▶ Task instructions
Beginning with the line that contains "Collar Perlas 6mm Mostacillas De Colores", copy each remaining line of the data below exactly.

═════ Given records ═════

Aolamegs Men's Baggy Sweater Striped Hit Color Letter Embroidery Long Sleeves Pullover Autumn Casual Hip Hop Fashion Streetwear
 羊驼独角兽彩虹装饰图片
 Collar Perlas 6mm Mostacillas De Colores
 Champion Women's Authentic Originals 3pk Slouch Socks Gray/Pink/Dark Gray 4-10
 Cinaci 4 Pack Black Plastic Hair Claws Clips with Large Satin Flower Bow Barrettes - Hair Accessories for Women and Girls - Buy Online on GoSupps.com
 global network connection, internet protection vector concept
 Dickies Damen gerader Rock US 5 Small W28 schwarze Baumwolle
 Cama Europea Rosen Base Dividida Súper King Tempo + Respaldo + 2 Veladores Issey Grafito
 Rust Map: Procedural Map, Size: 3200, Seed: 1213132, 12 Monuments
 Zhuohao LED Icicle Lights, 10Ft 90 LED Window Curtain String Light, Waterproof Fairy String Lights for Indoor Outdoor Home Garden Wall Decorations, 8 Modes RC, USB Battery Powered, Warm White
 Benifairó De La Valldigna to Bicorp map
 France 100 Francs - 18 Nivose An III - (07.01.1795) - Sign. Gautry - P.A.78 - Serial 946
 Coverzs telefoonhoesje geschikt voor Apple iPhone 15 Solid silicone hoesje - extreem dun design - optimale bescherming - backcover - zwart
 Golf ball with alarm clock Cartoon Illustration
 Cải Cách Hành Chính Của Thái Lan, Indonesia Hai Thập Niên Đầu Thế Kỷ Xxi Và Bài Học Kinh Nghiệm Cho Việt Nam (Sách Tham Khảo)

═════

▶ Solved problem
 Collar Perlas 6mm Mostacillas De Colores
 Champion Women's Authentic Originals 3pk Slouch Socks Gray/Pink/Dark Gray 4-10
 Cinaci 4 Pack Black Plastic Hair Claws Clips with Large Satin Flower Bow Barrettes - Hair Accessories for Women and Girls - Buy Online on GoSupps.com
 global network connection, internet protection vector concept
 Dickies Damen gerader Rock US 5 Small W28 schwarze Baumwolle
 Cama Europea Rosen Base Dividida Súper King Tempo + Respaldo + 2 Veladores Issey Grafito
 Rust Map: Procedural Map, Size: 3200, Seed: 1213132, 12 Monuments
 Zhuohao LED Icicle Lights, 10Ft 90 LED Window Curtain String Light, Waterproof Fairy String Lights for Indoor Outdoor Home Garden Wall Decorations, 8 Modes RC, USB Battery Powered, Warm White
 Benifairó De La Valldigna to Bicorp map
 France 100 Francs - 18 Nivose An III - (07.01.1795) - Sign. Gautry - P.A.78 - Serial 946
 Coverzs telefoonhoesje geschikt voor Apple iPhone 15 Solid silicone hoesje - extreem dun design - optimale bescherming - backcover - zwart
 Golf ball with alarm clock Cartoon Illustration
 Cải Cách Hành Chính Của Thái Lan, Indonesia Hai Thập Niên Đầu Thế Kỷ Xxi Và Bài Học Kinh Nghiệm Cho Việt Nam (Sách Tham Khảo)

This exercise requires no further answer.